= Fikile Brushett =

Fikile R. Brushett is an American chemical engineer and researcher known for his contributions to electrochemical energy storage and sustainable energy technologies. He is the Chevron Professor of Chemical Engineering at Massachusetts Institute of Technology (MIT), where he has been recognized for his work in developing next-generation energy storage systems. Brushett's achievements include numerous awards, such as the U.S. Department of Energy Secretary's Achievement Award, the NOBCChE Lloyd N. Ferguson Young Scientist Award, and the Allan P. Colburn Award.

== Education ==
Fikile Brushett received a B.S.E. degree in chemical and biomolecular engineering at the University of Pennsylvania in 2006. In 2009, he received a M.S. degree in chemical engineering at the University of Illinois at Urbana-Champaign where, in 2010, he finished with a Ph.D. in chemical engineering as well. After he trained at the Argonne National Laboratory in the Electrochemical Energy Storage Group as a Director’s Postdoctoral Fellow from 2010-2012.

== Career ==
Fikile Brushett began his career as a Director’s Postdoctoral Fellow in the Electrochemical Energy Storage Group at Argonne National Laboratory from 2010 to 2012. In 2013, he joined the faculty at the Massachusetts Institute of Technology (MIT) as an assistant professor in the Department of Chemical Engineering. He later became the Cecil and Ida Green Career Development Professor. In 2024, Brushett was named the Chevron Professor of Chemical Engineering at MIT.
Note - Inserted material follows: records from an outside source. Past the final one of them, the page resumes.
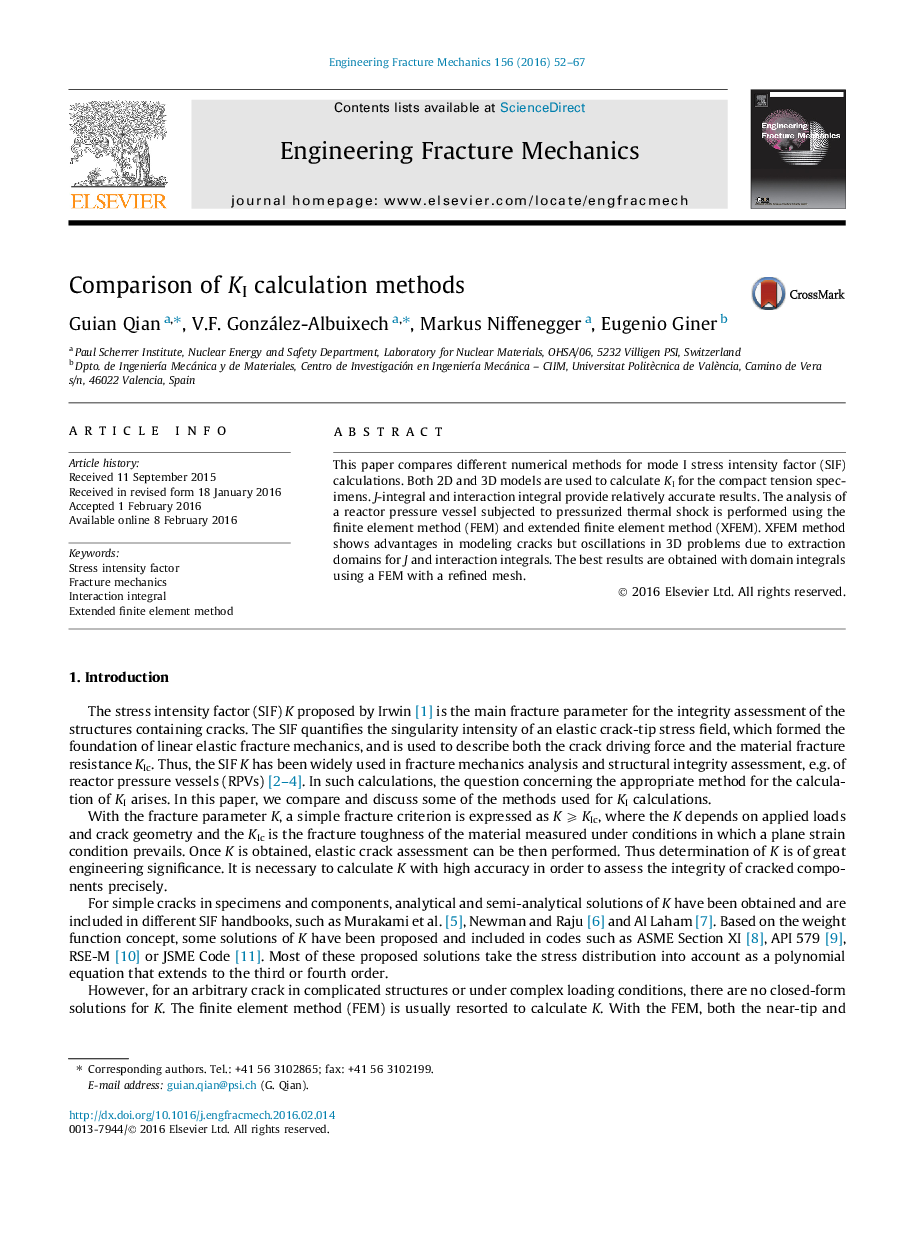 Comparison of KI calculation methods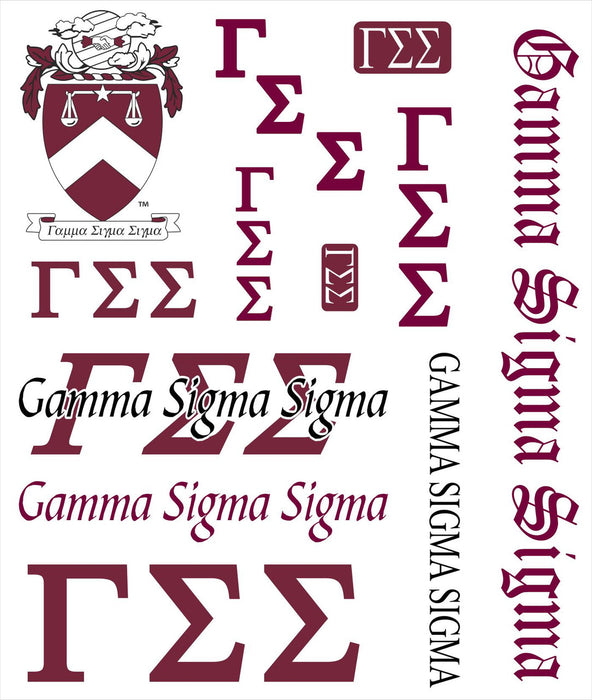 Gamma Sigma Sigma Multi Greek Decal Sticker Sheet Gamma Sigma Sigma Multi Greek Decal Sticker Sheet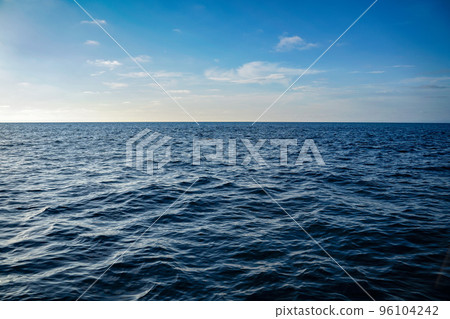 Bright blue Ocean water ripples background on a sunny day. Clean water consumption and natural resources Bright blue Ocean water ripples background on a sunny day. Clean water consumption and natural resources 96104242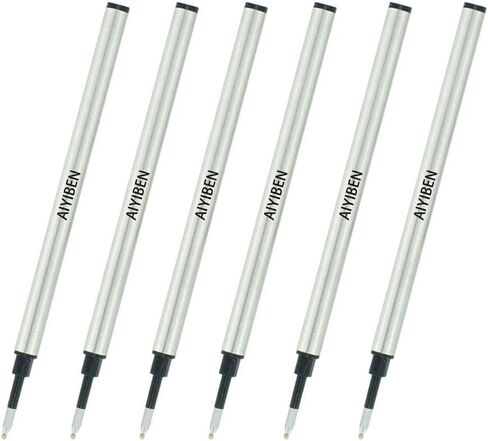 4.37 inch Rollerball Pen Refills, Roller Ball Fine Point 0.5mm, Black Ink Refill Pack of Replaceable Pen Refills Medium Point (6 Pack) in Saudi Arabia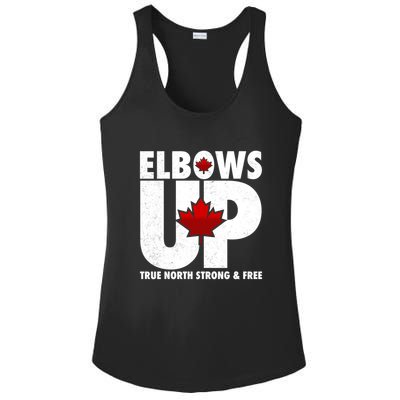 Elbows Up Canada True North Strong and Free Ladies PosiCharge Competitor Racerback Tank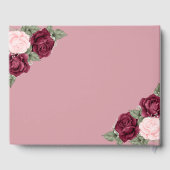 エレガントバーグンディ赤ピンクフローラ葬儀写真 ゲストブック (裏面)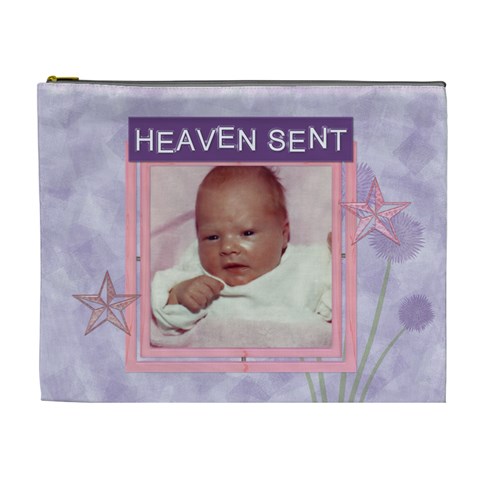 Heaven Sent Purple And Pink Xl Cosmetic Bag By Lil Front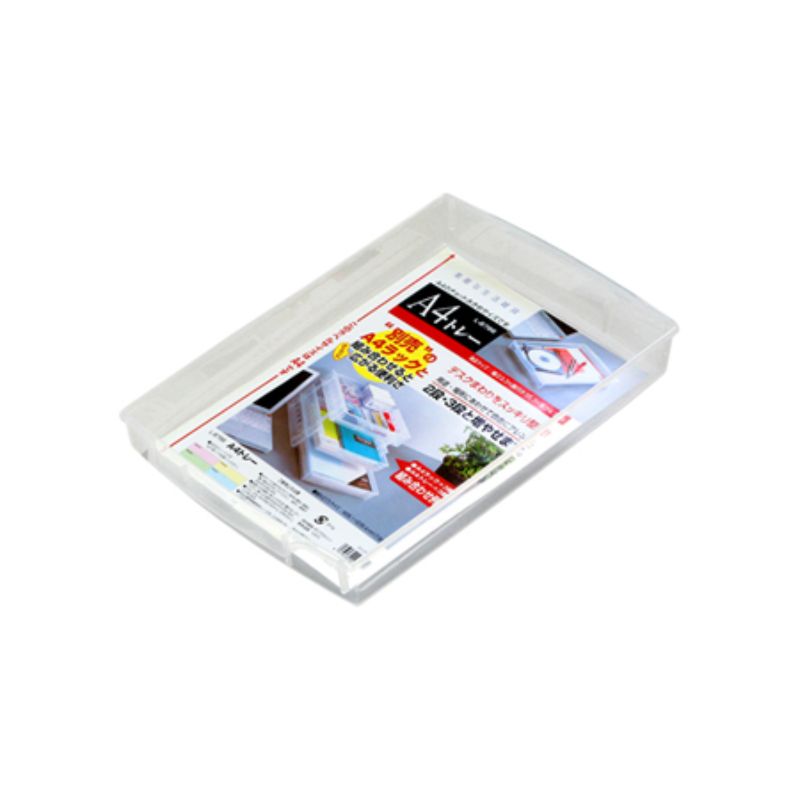 Set of 10 clear A4 trays for organizing documents and supplies, measuring 23.3 x 35.3 x 4.7cm each.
Brushett's research focuses on electrochemical energy storage systems, with an emphasis on redox flow batteries and sustainable energy solutions. He has worked on designing and improving energy storage devices to enhance their efficiency, durability, and cost-effectiveness.

Brushett's interest of research includes "electrochemical energy conversion and storage, microfluidics, interfacial phenomena, catalyst synthesis, and tomography."

== Awards and honors ==
- Brushett was awarded a GEM Fellowship for Ph.D. in Engineering in 2006.
- In 2010, he was awarded a Director’s Postdoctoral Fellowship at Argonne National Laboratory.
- In 2014 and 2017, Brushett was awarded the C. Michael Mohr Outstanding Faculty Award at MIT.
- He was awarded the Scialog Fellow for Advanced Energy Storage and the Chemical and Engineering News Talented 12 Chemistry resulting in the nickname "Baron of Batteries".
- In 2018 he earned the U.S. Department of Energy, Secretary of Energy Achievement Award. In the same year, Brushett gained the ECS Supramaniam Srinivasan Young Investigator Award.
- In 2020, he was awarded the NOBCChE Lloyd N. Ferguson Young Scientist Award for Excellence in Research.
- In 2021, Brushett was awarded the NESACS/NENOBCChE Henry A. Hill Lecturership. In 2022, he was awarded the Allan P. Colburn Award.